If the act was not passed in the manner required by the constitution, the facts which render it invalid should be distinctly stated. The defendant’s “ information and belief ” *505that a bill was not read three times, on different days, in the house of representatives before its final passage, may induce him to indulge in certain conclusions, but unless he disclose the facts to the court upon which he bases his conclusions, we have no means of ascertaining whether his conclusions of law are well founded. What the journal of the house of representatives may show is one thing, and what the defendant is “informed and believes” they show is quite another. The act of April 17, 1873, is published with the other acts of the legislature as being a valid act, and until it is shown that it is not, we shall indulge all presumptions in its favor. If the law was not read three times, on different days, the fact that it was not, instead of the pleader’s “information and belief,” should be unequivocally averred, to the end that an issue may be formed as to the fact and not as to the “belief.” This court will not, at the mere suggestion of a pleader, that a law was not legally passed, examine the house journals to ascertain if his “information and belief" be well founded. Having disposed of this portion of the rejoinder, the question presented is, Does the rejoinder show that Ouachita county did not have the requisite number of inhabitants? The averment is, that the political townships of. Carouse, Caney and Missouri, and the greater part of Jackson and one-half of Jefferson were, by the act creating the county of Nevada, taken from the territorial limits of the county of Ouachita, “ thereby leaving said county of Ouachita at that time and since with a population of less than ten thousand.” Just how many inhabitants resided on the territory taken from Ouachita county and added to that of Nevada, is not stated. The rejoinder is very inartistically drawn, as it states conclusions of facts instead of the facts themselves. If the defendant had stated that by the census of 1870 the county of Ouachita had upwards of twelve thousand inhabitants, and that it was re*506duced below that number by the act taking the townships named from the county, stating the resident population thereof as shown by the census, he would have laid the foundation for the conclusion that the county was reduced below ten thousand, if the facts would warrant the assertion.
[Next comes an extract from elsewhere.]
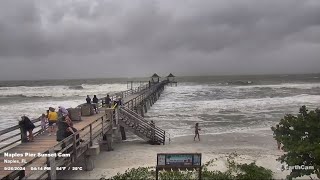 Storm watch: Live Webcam insights from Helene's Path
For our own satisfaction and for the purpose of ascertaining whether a substantial defense could be set up by the defendant, in the event he had leave to amend, we have examined the census of 1870, and find by deducting the resident population of the townships of Carouse, Caney and Missouri and three-fifths of'Jackson and one-half of Jefferson, that the county of Ouachita would be left with a population of over ten thousand.

In view of this the demurrer to the rejoinder is sustained, and a judgment of ouster will'be entered.